Zulkifli, ayah dari Affan Kurniawan, pengemudi ojek online (ojol) yang meninggal dunia, secara tegas menyuarakan permintaannya. Ia berharap agar hanya personel polisi yang terbukti bersalah dalam insiden tragis yang menimpa putranya yang ditindak.
Permintaan ini disampaikan Zulkifli setelah putranya tewas ditabrak kendaraan taktis (rantis) Satbrimob Polda Metro Jaya. Insiden nahas tersebut terjadi di Jakarta pada Kamis (28/8), memicu duka mendalam bagi keluarga korban.
Zulkifli menekankan bahwa ia tidak akan mengajukan gugatan hukum, namun hanya menginginkan rasa keadilan. Ia tidak ingin semua anggota kepolisian menjadi korban atas kesalahan segelintir oknum.
Advertisement
Advertisement
Pertemuan dengan Kapolri dan Janji Pengusutan
Saat Kapolri Jenderal Pol. Listyo Sigit Prabowo menemui pihak keluarga pada Kamis (28/8), ia menyerahkan sepenuhnya keputusan langkah penegakan hukum selanjutnya kepada keluarga. Kapolri memberikan pilihan kepada Zulkifli untuk menentukan jalur hukum yang diinginkan. Ini menunjukkan komitmen kepolisian dalam menangani kasus ini secara transparan.
"Cuma dia (Kapolri) bilang 'Ya, Bapak, pikir-pikir dulu mau yang mana, jalur hukum kita tuntaskan semuanya' itu saja dibilang," ungkap Zulkifli menirukan perkataan Kapolri. Pernyataan ini memberikan ruang bagi keluarga untuk mempertimbangkan opsi terbaik bagi Keadilan Affan Kurniawan.
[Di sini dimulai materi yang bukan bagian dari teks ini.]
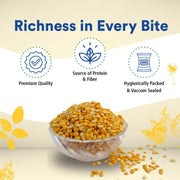 Organic Wellness Chana Dal 450g | Organic Unpolished Split Bengal Gram | High Protein & Low GI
Lebih lanjut, Zulkifli juga mengungkapkan bahwa Kapolri telah berjanji secara langsung untuk mengusut tuntas kasus kematian Affan. Janji ini menjadi harapan besar bagi keluarga korban untuk mendapatkan kejelasan dan pertanggungjawaban atas insiden tersebut. Pengusutan tuntas ini diharapkan dapat membawa Keadilan Affan Kurniawan.
Advertisement
Advertisement
Kronologi Insiden dan Penanganan Propam
Affan Kurniawan, seorang pengemudi ojol, meninggal dunia pada Kamis (28/8) setelah ditabrak kendaraan taktis yang berisi tujuh anggota Satbrimob Polda Metro Jaya. Insiden tragis ini terjadi pasca-aksi unjuk rasa di sekitar kompleks parlemen Jakarta, di mana massa dipukul mundur oleh pihak kepolisian. Kecelakaan ini menjadi sorotan publik dan menuntut Keadilan Affan Kurniawan.
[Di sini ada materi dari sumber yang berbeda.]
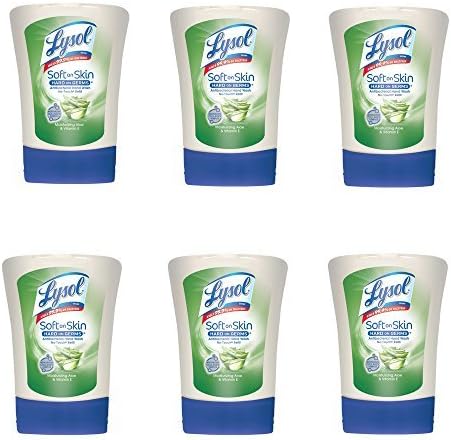Lysol No-Touch Antibacterial Hand Soap Refill - Aloe Vera - Net Wt. 8.5 OZ (251 mL) (Pack of 6)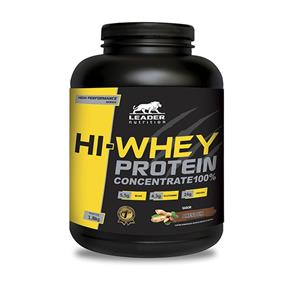 Hi-Whey Protein 100 % Concentrate (1,8Kg) - Leader Nutrition - Baunilha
Tujuh personel Satbrimob yang berada di dalam rantis tersebut adalah Bripka R, Kompol C, Aipda R, Briptu D, Bripda M, Bharaka J, dan Bharaka Y. Identitas mereka telah diungkap, dan mereka kini menjadi fokus penyelidikan. Penyelidikan ini penting untuk memastikan siapa yang bertanggung jawab.
Kasus ini kini ditangani oleh Divisi Propam Polri. Setelah pemeriksaan awal, Kepala Divisi Propam Polri Irjen Pol. Abdul Karim menyatakan bahwa para personel tersebut terbukti melanggar kode etik kepolisian. Ini adalah langkah awal menuju penegakan disiplin.
Advertisement
Sebagai konsekuensi, ketujuh personel tersebut menjalani penempatan khusus (patsus) di Divisi Propam Polri. Patsus ini berlangsung selama 20 hari, terhitung mulai 29 Agustus 2025 hingga 17 September 2025. Tindakan ini menunjukkan keseriusan Polri dalam menindak anggotanya yang melanggar.